RECORDS SUPPLIED Block Start

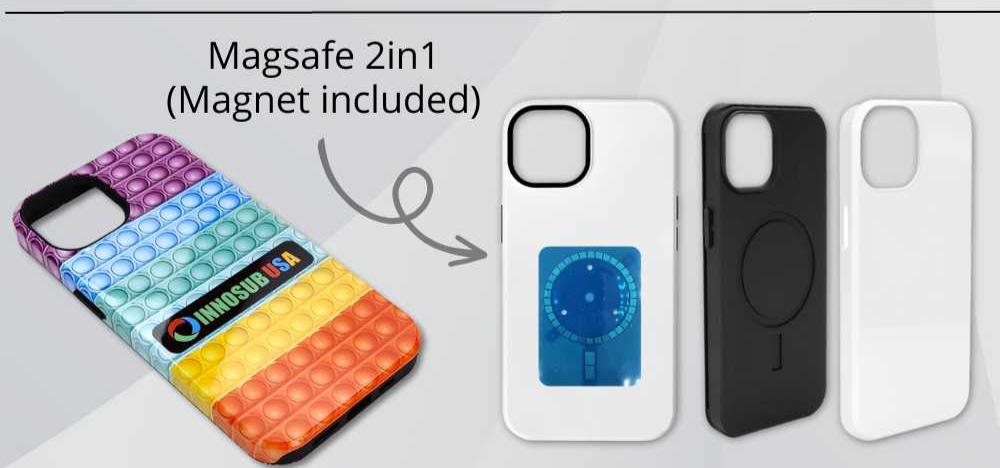 Sublimation Blanks 3D Magnetic Phone Cases for iPhone 12|13|14|15|16: 2-in-1 Tough Case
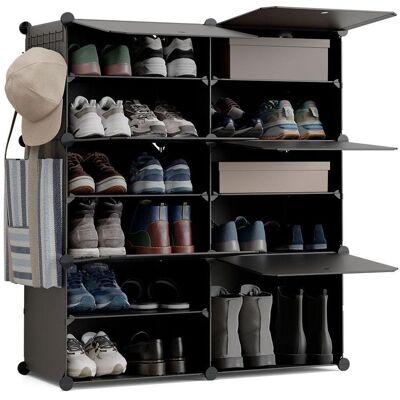 Newlux, Schuhschrank, Modular shoe rack cube c6 black (83 x 32 x 95 cm) Newlux, Schuhschrank, Modular shoe rack cube c6 black (83 x 32 x 95 cm)
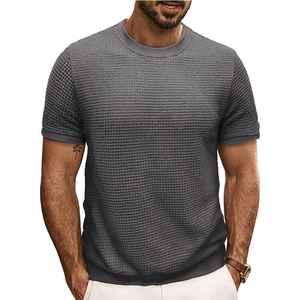 Mens Summer <b>Waffle</b> Short Sleeve Fitness High Street Regular Fit Solid Breathable Soft Fabric Casual Wear T <b>Shirt</b> - Product Image 3
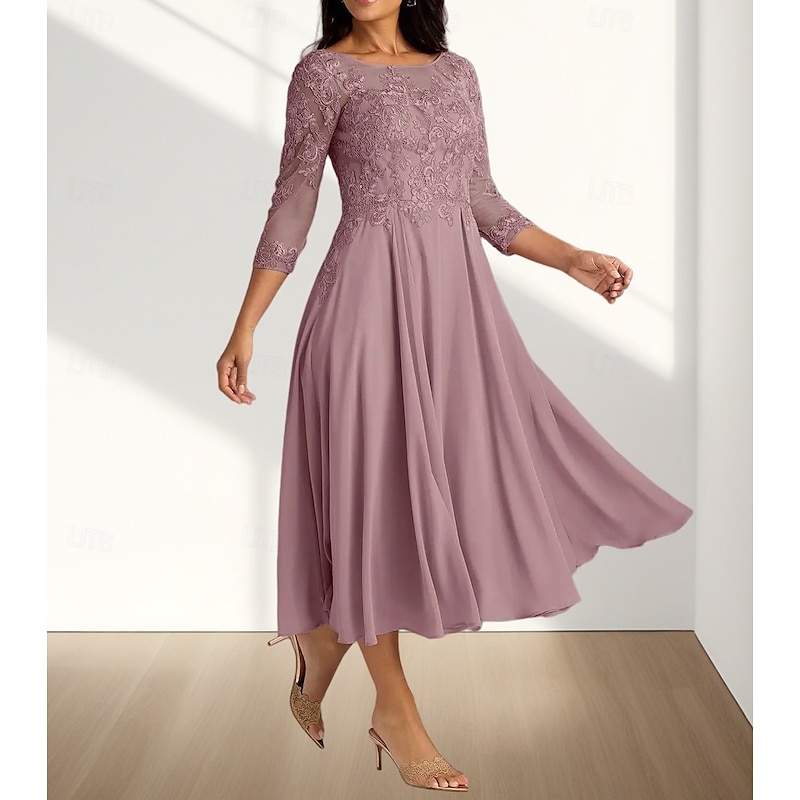 A-Line Mother of the Bride Dress Wedding Guest Elegant Crew Neck Tea Length Chiffon 3/4 Length Sleeve with Pleats Appliques Midi Dress3
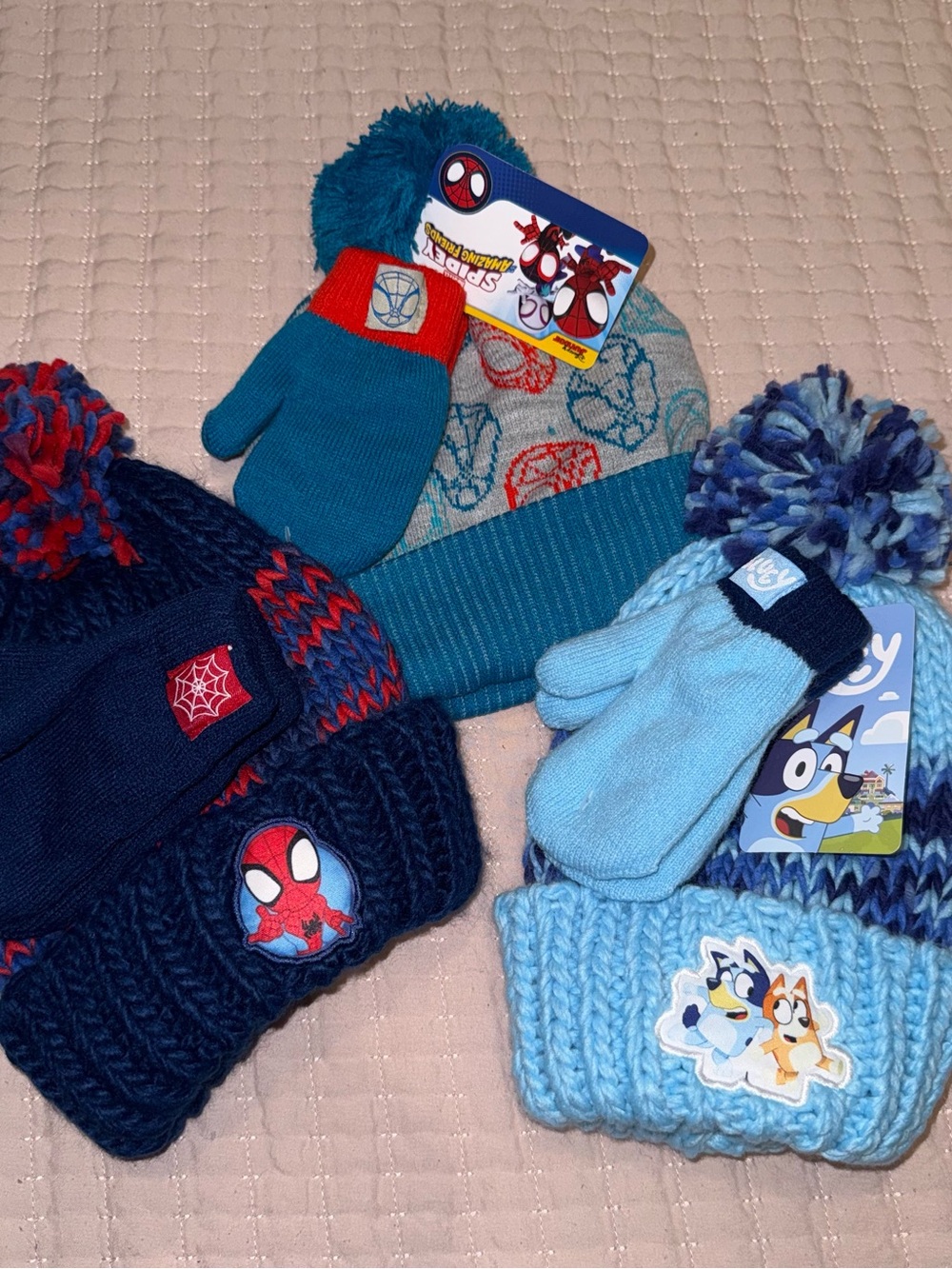 Spidey and his Amazing Friends and Bluey beanies and mitten set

RECORDS SUPPLIED Block End

◆ BRIEF: Leave out the pictures and set down everything else in the entries above exactly.

◆ RESULT OF THE TASK:
 Sublimation Blanks 3D Magnetic Phone Cases for iPhone 12|13|14|15|16: 2-in-1 Tough Case
 Newlux, Schuhschrank, Modular shoe rack cube c6 black (83 x 32 x 95 cm) Newlux, Schuhschrank, Modular shoe rack cube c6 black (83 x 32 x 95 cm)
 Mens Summer <b>Waffle</b> Short Sleeve Fitness High Street Regular Fit Solid Breathable Soft Fabric Casual Wear T <b>Shirt</b> - Product Image 3
 A-Line Mother of the Bride Dress Wedding Guest Elegant Crew Neck Tea Length Chiffon 3/4 Length Sleeve with Pleats Appliques Midi Dress3
 Spidey and his Amazing Friends and Bluey beanies and mitten set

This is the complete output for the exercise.